Николай Васильевич большим охотничьим ножом вскрывает консервные банки для ужина. Я отхожу в сторону от костра и ложусь на камни. Знобит. С тревогой прислушиваюсь к своему сердцу. Оно бьется неровными толчками. С завистью смотрю на Филиппа Матвеевича, преспокойно строгающего лучины своим древним топориком, на Николая Васильевича, который суетится возле костра, подбрасывая в кастрюлю ломтики мяса и лук. Обоим вместе больше ста, а держатся они молодцом. Ты же, размагниченный хлюпик, сдал в первые часы. Здесь высота всего три километра с небольшим, что же ты будешь делать на леднике, где высота все пять?

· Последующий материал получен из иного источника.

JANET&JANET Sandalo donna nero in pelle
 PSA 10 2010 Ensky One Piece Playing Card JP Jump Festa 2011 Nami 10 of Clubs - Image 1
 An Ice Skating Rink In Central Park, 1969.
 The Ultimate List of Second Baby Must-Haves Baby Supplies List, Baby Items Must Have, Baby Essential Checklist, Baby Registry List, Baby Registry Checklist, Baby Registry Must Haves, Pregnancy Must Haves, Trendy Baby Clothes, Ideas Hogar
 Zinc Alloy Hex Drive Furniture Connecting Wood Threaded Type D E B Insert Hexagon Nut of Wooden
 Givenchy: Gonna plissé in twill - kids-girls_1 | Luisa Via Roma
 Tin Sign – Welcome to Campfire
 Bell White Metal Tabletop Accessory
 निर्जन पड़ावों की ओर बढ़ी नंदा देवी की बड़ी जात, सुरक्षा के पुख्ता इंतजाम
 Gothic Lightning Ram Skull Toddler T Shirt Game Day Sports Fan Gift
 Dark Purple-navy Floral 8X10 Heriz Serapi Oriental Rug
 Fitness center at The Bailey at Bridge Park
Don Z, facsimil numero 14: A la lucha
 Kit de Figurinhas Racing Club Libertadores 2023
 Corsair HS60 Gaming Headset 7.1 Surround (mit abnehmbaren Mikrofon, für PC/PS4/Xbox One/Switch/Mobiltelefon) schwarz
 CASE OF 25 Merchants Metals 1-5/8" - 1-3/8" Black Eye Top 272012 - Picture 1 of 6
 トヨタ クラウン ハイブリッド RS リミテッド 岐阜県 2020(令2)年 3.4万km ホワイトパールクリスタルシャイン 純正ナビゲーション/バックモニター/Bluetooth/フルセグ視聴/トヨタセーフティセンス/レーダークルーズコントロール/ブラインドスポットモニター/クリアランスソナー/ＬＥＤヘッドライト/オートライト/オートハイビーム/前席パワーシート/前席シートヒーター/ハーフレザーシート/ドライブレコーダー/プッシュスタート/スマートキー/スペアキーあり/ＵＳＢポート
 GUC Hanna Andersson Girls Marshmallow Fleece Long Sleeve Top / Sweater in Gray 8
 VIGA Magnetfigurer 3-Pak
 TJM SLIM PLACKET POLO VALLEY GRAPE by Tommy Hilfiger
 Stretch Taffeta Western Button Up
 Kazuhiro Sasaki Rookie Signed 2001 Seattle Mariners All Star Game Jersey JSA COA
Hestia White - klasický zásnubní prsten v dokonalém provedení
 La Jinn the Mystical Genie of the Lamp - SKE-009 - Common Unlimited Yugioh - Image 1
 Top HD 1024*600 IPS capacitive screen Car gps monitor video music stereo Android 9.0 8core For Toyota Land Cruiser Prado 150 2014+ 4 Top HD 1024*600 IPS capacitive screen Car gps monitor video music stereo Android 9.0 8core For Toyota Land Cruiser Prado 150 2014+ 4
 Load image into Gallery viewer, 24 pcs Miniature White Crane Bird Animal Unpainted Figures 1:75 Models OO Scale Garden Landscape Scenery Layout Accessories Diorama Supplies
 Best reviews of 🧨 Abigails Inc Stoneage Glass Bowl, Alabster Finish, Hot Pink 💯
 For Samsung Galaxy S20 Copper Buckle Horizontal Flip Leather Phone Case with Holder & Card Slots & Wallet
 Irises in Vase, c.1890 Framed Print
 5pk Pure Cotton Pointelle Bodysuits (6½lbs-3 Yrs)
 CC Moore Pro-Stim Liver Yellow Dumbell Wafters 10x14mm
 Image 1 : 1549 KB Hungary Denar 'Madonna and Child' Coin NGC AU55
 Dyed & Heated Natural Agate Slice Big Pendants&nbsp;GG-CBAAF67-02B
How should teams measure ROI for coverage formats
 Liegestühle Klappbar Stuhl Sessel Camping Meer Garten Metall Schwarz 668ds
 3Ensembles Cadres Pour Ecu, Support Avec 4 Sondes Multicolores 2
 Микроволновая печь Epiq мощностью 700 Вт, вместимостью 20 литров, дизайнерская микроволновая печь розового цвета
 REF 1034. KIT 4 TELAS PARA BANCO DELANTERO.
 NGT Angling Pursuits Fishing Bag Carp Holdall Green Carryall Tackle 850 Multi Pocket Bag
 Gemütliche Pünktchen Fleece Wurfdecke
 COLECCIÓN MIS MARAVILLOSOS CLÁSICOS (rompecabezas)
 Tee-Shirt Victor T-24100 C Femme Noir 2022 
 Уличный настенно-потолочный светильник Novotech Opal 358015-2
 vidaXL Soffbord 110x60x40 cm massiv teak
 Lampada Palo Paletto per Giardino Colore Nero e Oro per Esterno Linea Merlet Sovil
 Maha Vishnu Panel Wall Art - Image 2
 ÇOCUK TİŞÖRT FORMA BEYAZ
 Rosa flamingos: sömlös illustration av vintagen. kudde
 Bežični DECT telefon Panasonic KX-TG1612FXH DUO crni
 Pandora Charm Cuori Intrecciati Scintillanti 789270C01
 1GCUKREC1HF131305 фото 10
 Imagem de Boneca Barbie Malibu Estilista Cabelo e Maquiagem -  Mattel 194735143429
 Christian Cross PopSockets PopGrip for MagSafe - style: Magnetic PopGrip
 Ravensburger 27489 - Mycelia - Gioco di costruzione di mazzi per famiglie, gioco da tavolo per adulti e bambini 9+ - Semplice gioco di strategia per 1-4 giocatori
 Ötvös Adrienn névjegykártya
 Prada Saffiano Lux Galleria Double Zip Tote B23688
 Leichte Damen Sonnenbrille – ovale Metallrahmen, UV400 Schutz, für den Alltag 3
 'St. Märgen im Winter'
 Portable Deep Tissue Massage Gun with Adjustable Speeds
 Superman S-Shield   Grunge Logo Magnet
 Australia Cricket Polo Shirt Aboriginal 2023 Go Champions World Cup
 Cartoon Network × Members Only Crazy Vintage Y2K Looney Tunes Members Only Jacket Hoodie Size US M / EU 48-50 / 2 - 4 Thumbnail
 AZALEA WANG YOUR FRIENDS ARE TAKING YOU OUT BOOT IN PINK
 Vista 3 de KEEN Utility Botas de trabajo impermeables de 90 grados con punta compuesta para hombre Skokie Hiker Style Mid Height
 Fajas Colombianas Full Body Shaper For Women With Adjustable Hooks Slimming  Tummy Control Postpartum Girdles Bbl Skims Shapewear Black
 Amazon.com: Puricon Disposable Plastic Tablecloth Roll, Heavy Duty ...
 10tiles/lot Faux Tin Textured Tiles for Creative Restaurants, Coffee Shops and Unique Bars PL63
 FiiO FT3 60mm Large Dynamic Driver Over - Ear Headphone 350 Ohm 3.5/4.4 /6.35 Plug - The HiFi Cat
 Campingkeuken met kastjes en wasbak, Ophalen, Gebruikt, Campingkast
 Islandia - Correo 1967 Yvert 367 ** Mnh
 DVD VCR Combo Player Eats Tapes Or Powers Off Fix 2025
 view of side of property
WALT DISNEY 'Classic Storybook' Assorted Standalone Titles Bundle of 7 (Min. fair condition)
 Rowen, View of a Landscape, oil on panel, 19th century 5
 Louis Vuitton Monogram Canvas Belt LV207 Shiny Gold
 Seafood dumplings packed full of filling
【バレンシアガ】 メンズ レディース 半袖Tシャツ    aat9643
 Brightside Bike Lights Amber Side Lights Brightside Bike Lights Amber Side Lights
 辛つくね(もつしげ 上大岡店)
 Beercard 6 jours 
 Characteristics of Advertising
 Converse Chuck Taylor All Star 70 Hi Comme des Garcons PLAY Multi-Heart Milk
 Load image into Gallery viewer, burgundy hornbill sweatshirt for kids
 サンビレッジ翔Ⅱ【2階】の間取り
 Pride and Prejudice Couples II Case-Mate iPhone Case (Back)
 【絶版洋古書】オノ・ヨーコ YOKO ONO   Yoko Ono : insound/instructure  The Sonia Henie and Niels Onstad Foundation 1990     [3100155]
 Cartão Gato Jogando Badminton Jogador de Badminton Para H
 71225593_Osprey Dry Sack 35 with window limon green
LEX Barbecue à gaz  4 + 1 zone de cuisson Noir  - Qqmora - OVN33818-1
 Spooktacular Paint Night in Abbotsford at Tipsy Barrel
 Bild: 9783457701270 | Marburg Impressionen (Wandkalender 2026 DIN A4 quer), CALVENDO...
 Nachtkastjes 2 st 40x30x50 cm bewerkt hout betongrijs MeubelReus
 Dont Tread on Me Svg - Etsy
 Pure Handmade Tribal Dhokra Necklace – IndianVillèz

— Женя, готовь кружку! — кричит Николай Васильевич.

Иду к своему рюкзаку за кружкой, пью бульон, но не чувствую ни запаха, ни вкуса.

Николай Васильевич зажигает в палатке свечу, стягивает свитер, укладывает вещи под свой мешок. Я лежу молча.

— Это пройдет, — вдруг произносит он.

— Что пройдет?

— Ну, вот это состояние. У меня тоже когда-то было — прошло. Акклиматизация.

— И долго буду так акклиматизироваться?

— Денек-другой. Да ты не унывай, старина! Посмотри, какая кругом красота!